By Jeff Brumley
Melissa Browning’s Facebook page tells the story. More specifically, it tells Kelly Gissendaner’s story.
Post after post describes the life and death of the Georgia inmate executed by lethal injection last week.
“The amazing grace of Kelly Gissendaner,” “Kelly Gissendaner execution is Georgia’s latest worldwide saga” and “Georgia executes first woman in 70 years” are just a few.
But these and the other headlines also reveal much about Browning — an assistant professor at Mercer University’s McAfee School of Theology — and her devoted service to the small army of organizers who waged a months-long public relations and social media campaign to save Gissendaner’s life.
While disappointed in the state’s refusal to show Gissendaner mercy, Browning, who had earned a theology certificate in a prison-based program provided by McAfee and other local divinity schools, said she was encouraged by the fierce determination of students and preachers, and especially Cooperative Baptist ministers.
“I would call CBF pastors and they would show up — [former CBF Executive Coordinator] Daniel Vestal showed up,” she said.
Browning spoke with Baptist News Global following Gissendaner’s death about what it’s like to fight so hard for a cause and, in some ways, come up short.
Have you been mourning?
It’s a lot of mourning. I’ve never experienced anything like I experienced [that] night.

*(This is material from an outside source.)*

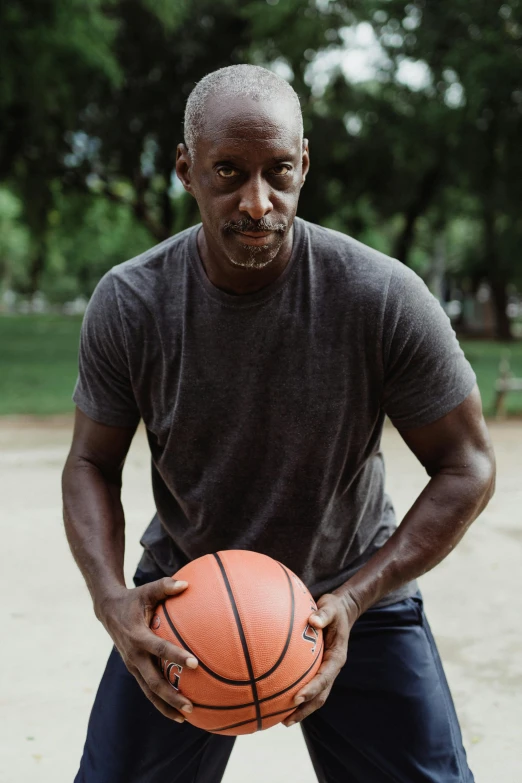 a man posing with a basketball in his hand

Where were you during the execution?
I was with Kelly’s daughter, Kayla, and a small group of pastors and friends, seven of us, at a separate location. We were just absolutely appalled by the way this was happening and what we were watching. We were watching the trauma Kayla was experiencing … when she found out her mom had been murdered by the state. It was unreal.

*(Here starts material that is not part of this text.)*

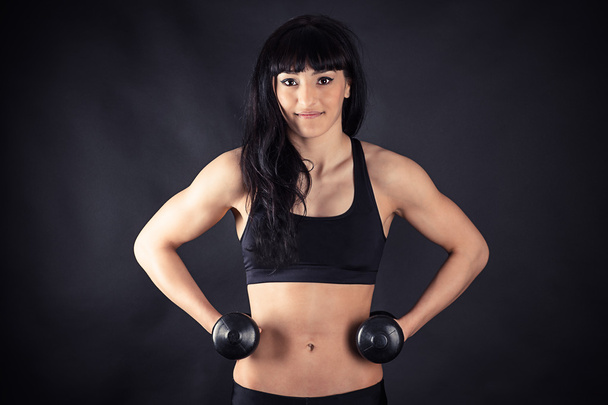 Sports cute girl with dumbbells - Photo, Image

When did you learn Kelly had actually been executed?
After all her appeals were denied, you know it was happening but didn’t know precisely when. Not even the children knew. A DOC [Department of Corrections] spokesperson came out to the vigil. She died at 12:12 a.m. (Sept. 30)

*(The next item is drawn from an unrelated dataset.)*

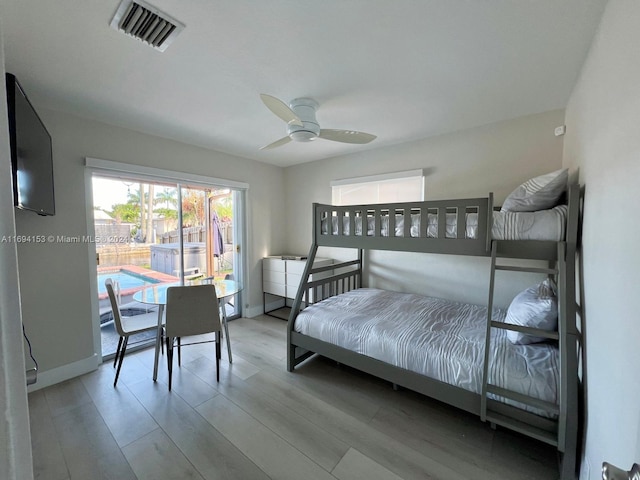 bedroom with baseboards, visible vents, a ceiling fan, and wood finished floors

How was Kayla during all of this?
The thing that was tremendously difficult is that the parole board agreed to hear one last piece Tuesday morning. Her kids had to choose between a visit with her [Kelly] or go to the parole board. All three went and when they arrived they were told only one could speak. So all three missed seeing their mom — they didn’t get to hug her a last time …. And in the end, the board upheld the decision [for execution]. The lawyers asked for another 24 hours, but the state could not wait for another 24 hours. The kids are going to be forever [traumatized by this].
What bothered you most about how it all unfolded?
As a Baptist minister the thing that disturbs me is that the [parole] board is mostly Baptist … yet they made this decision not to consider the children of the person who was killed. They made a decision that redemption and transformation don’t matter.
How did you come to be involved with the effort to save Kelly?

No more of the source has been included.